■ **What is required**:
Give back all of the data unchanged. Keep every word as it is.
+ + +
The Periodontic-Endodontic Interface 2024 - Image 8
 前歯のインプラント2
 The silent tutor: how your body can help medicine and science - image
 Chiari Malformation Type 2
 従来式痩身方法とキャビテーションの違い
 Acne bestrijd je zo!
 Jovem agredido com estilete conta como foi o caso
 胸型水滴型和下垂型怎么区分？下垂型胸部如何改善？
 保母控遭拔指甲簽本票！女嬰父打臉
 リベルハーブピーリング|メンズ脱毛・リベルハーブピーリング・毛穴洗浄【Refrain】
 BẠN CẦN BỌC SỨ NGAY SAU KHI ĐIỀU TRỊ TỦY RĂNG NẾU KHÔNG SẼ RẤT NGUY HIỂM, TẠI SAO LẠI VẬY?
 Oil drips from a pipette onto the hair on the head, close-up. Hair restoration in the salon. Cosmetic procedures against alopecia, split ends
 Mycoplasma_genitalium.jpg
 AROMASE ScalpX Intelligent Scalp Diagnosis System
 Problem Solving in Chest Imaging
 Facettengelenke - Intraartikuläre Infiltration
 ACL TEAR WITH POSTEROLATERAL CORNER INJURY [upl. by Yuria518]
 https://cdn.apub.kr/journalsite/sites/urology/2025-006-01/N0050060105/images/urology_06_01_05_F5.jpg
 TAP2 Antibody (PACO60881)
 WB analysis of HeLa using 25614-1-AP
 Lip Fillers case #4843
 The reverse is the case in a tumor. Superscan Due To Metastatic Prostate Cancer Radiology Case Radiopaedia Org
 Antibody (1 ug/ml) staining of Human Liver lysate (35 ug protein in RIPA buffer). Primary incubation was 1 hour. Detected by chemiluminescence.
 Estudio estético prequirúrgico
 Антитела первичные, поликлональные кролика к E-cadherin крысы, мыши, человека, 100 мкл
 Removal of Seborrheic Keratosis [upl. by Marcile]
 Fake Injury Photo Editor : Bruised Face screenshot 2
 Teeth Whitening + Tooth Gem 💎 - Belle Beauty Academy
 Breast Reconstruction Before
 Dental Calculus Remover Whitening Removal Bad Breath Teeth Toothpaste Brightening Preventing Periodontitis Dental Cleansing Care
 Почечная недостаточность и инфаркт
+ + +
■ **Solution to this exercise**:
The Periodontic-Endodontic Interface 2024 - Image 8
 前歯のインプラント2
 The silent tutor: how your body can help medicine and science - image
 Chiari Malformation Type 2
 従来式痩身方法とキャビテーションの違い
 Acne bestrijd je zo!
 Jovem agredido com estilete conta como foi o caso
 胸型水滴型和下垂型怎么区分？下垂型胸部如何改善？
 保母控遭拔指甲簽本票！女嬰父打臉
 リベルハーブピーリング|メンズ脱毛・リベルハーブピーリング・毛穴洗浄【Refrain】
 BẠN CẦN BỌC SỨ NGAY SAU KHI ĐIỀU TRỊ TỦY RĂNG NẾU KHÔNG SẼ RẤT NGUY HIỂM, TẠI SAO LẠI VẬY?
 Oil drips from a pipette onto the hair on the head, close-up. Hair restoration in the salon. Cosmetic procedures against alopecia, split ends
 Mycoplasma_genitalium.jpg
 AROMASE ScalpX Intelligent Scalp Diagnosis System
 Problem Solving in Chest Imaging
 Facettengelenke - Intraartikuläre Infiltration
 ACL TEAR WITH POSTEROLATERAL CORNER INJURY [upl. by Yuria518]
 https://cdn.apub.kr/journalsite/sites/urology/2025-006-01/N0050060105/images/urology_06_01_05_F5.jpg
 TAP2 Antibody (PACO60881)
 WB analysis of HeLa using 25614-1-AP
 Lip Fillers case #4843
 The reverse is the case in a tumor. Superscan Due To Metastatic Prostate Cancer Radiology Case Radiopaedia Org
 Antibody (1 ug/ml) staining of Human Liver lysate (35 ug protein in RIPA buffer). Primary incubation was 1 hour. Detected by chemiluminescence.
 Estudio estético prequirúrgico
 Антитела первичные, поликлональные кролика к E-cadherin крысы, мыши, человека, 100 мкл
 Removal of Seborrheic Keratosis [upl. by Marcile]
 Fake Injury Photo Editor : Bruised Face screenshot 2
 Teeth Whitening + Tooth Gem 💎 - Belle Beauty Academy
 Breast Reconstruction Before
 Dental Calculus Remover Whitening Removal Bad Breath Teeth Toothpaste Brightening Preventing Periodontitis Dental Cleansing Care
 Почечная недостаточность и инфаркт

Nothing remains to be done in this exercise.